Family of Refresh Tokens (FRT)

There is a second type of refresh token known as Family Refresh Tokens (FRT) that are also valid for 90 days. This research was publicised by Secureworks in this write-up about Family of Client IDs. This “FRT” is undocumented by Microsoft. These tokens can be used by an attacker to mint tokens to ALL applications within “the family”. Now this “family” is undocumented by Microsoft, but Secureworks keeps a non-exhaustive list of what these are here.

This implementation of FRTs by Microsoft contradicts the OAuth 2.0 standard. As per the OAuth2.0 safeguards, bearer tokens are supposed to only be used to obtain tokens with identical or narrower scope and for the same client (application) it’s issued for. This is not the case with FRTs.
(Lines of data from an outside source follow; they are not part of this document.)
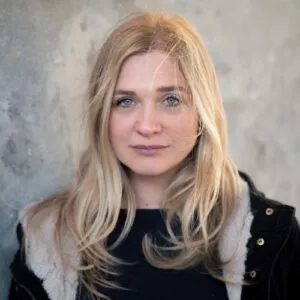 SOLENNE MIDENA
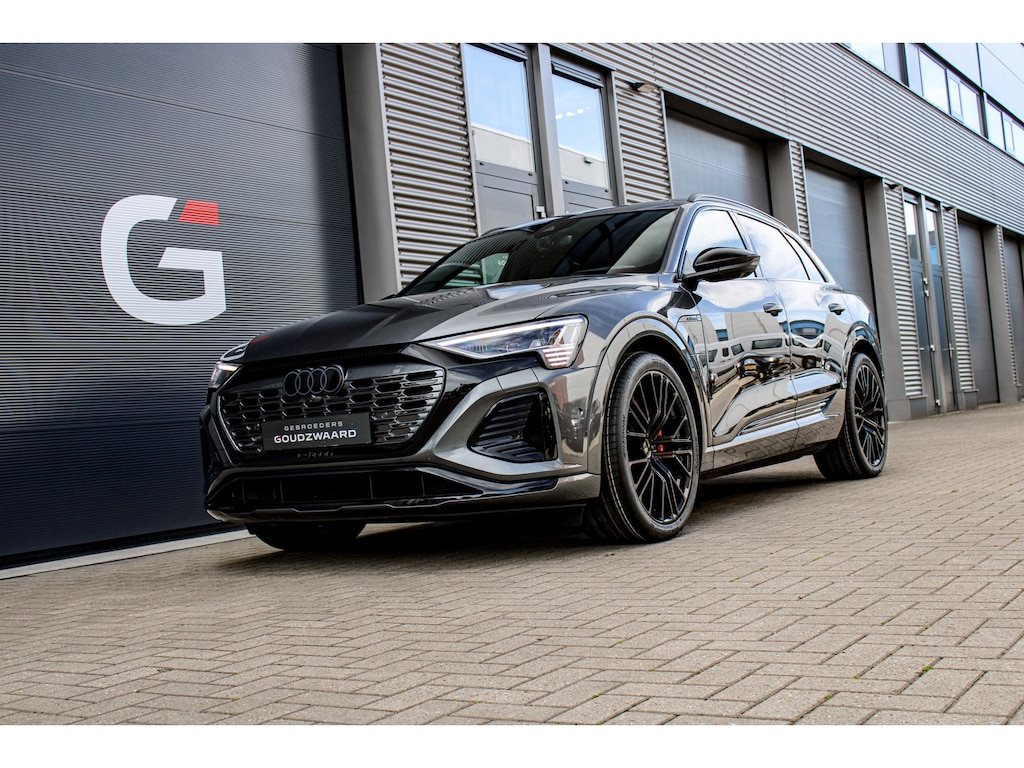 Audi Q8 e-tron 55 quattro S Edition 115 kWh | Luchtvering | Pano | B&O | HUD | Trekhaak | Memory | Top View Camera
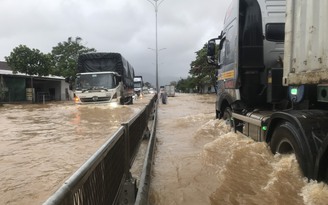 Mưa lớn gây ngập lụt, chia cắt QL1 khu vực phía nam Thừa Thiên - Huế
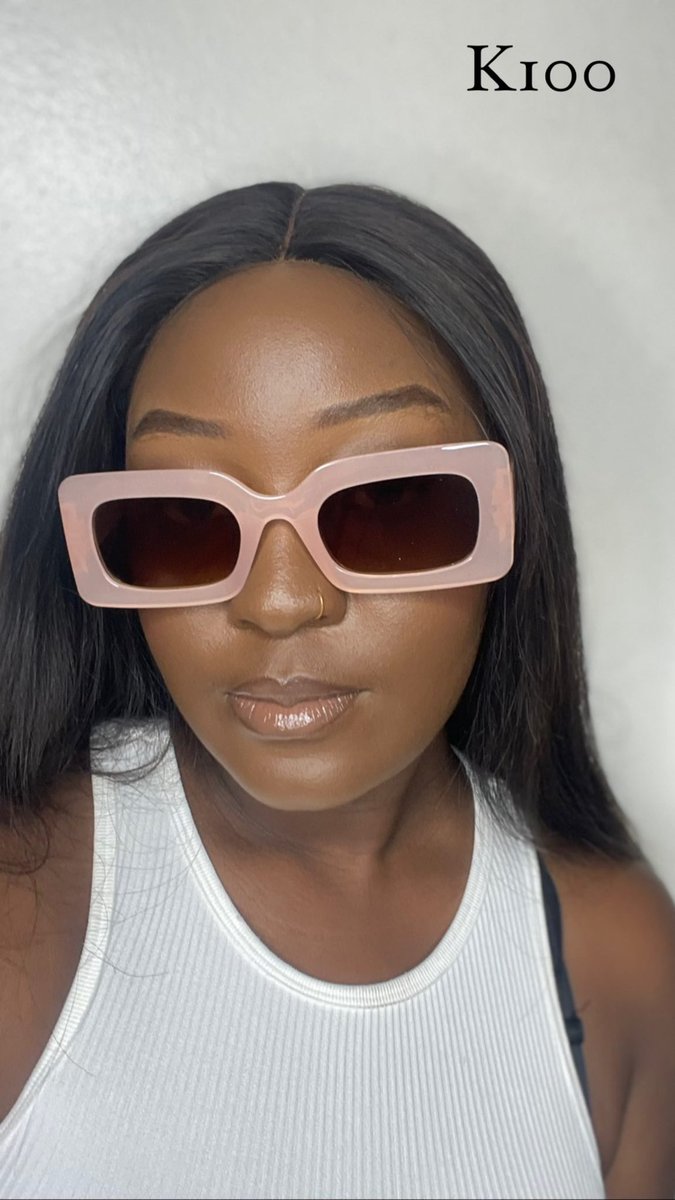 I meant to post these yesterday but I knew you guys where going to ask me to read the room🤣!Im selling these sunglasses!please like or retweet so my potential customers will come across this post💕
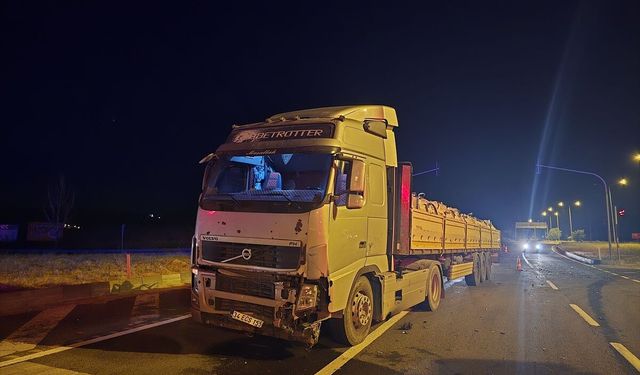 Bolu'da tırın çarptığı otomobildeki 3 kişi yaralandı
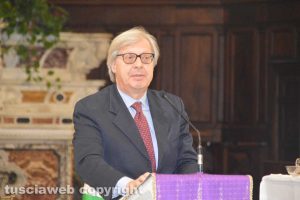 Tarquinia - I funerali di Omero Bordo - Vittorio Sgarbi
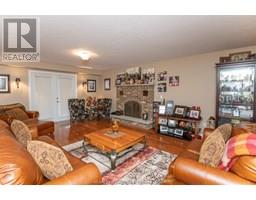 30 ORANGEWOOD BOULEVARD - 6
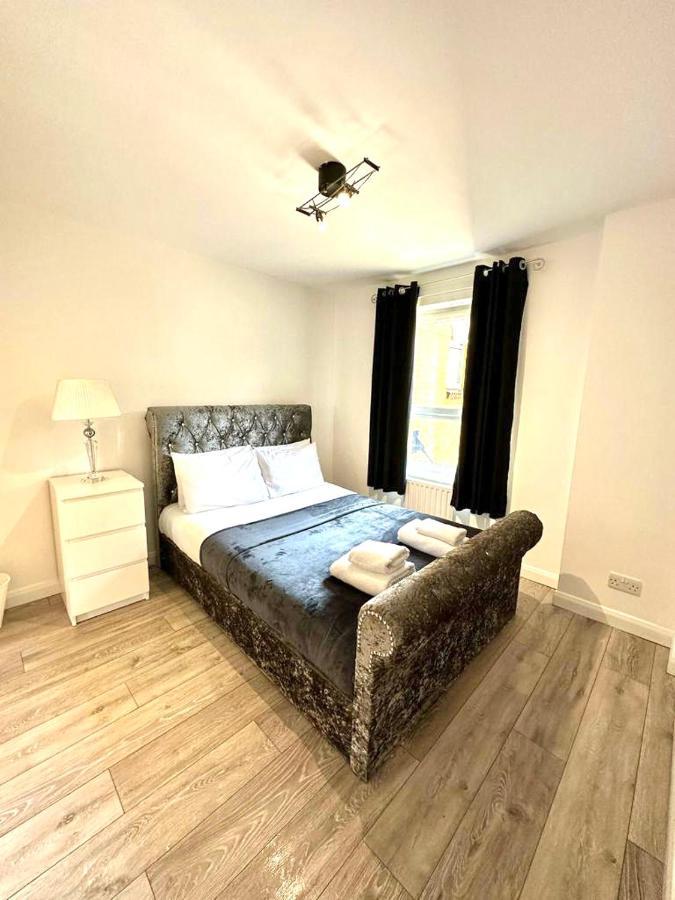 3 Bedroom Riverview Flat Canary Wharf Free Parking * London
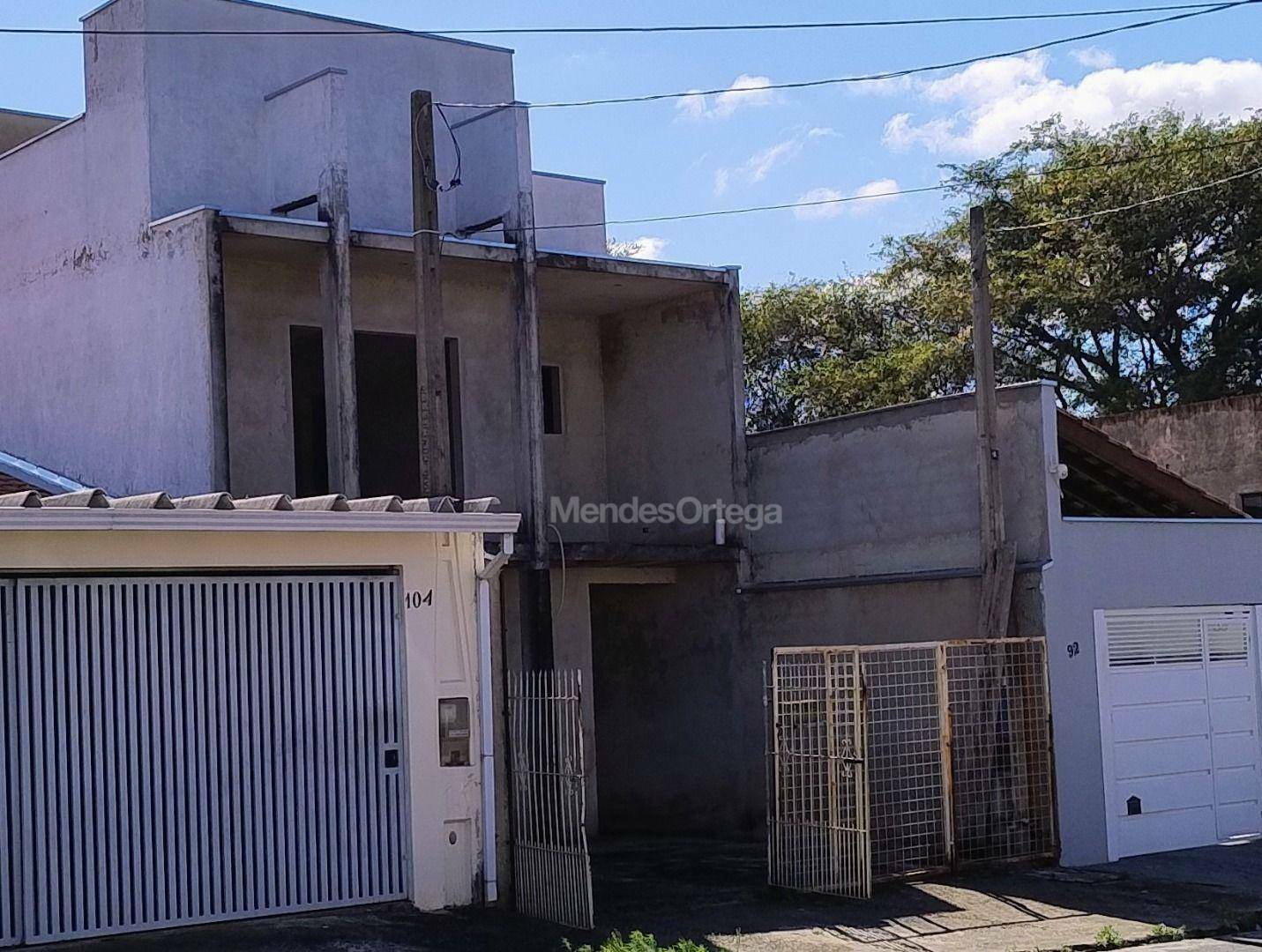 Casa à venda com 3 quartos, 145m² - Foto 1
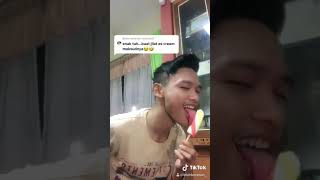 Cara Jilat Ice Cream Versi Lidah Panjang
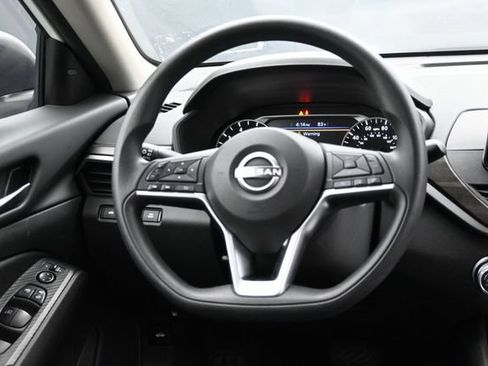 Used 2024 Nissan Altima 2.5 SV AWD/4WD image 14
What this means in layman terms is, if an attacker steals a refresh token for any application within this “family” – they can mint tokens to ALL the applications inside this family (allowing lateral movement). In terms of attacker hierarchy, the implication here is: depending on your attacker objective, aim to get a FRT over a typical refresh token as this allows you room for lateral movement and privilege escalation.

Primary Refresh Tokens

Valid for 14 days, these refresh tokens are used for single sign-in (SSO) across applications used on the device and contain two additional details embedded in them:

  • Device ID: This field identifies the device where the PRT resides on

  • Session Key: Acts as a proof of possession when the PRT obtains tokens for other applications

Similar to FRT, these tokens can be used to access multiple different resources (not abiding by the OAuth 2.0 standard). As per Microsoft documentation, Conditional Access policies are not evaluated when PRTs are issued.  Therefore, if an attacker steals a PRT, it will automatically satisfy device-based conditional access policies.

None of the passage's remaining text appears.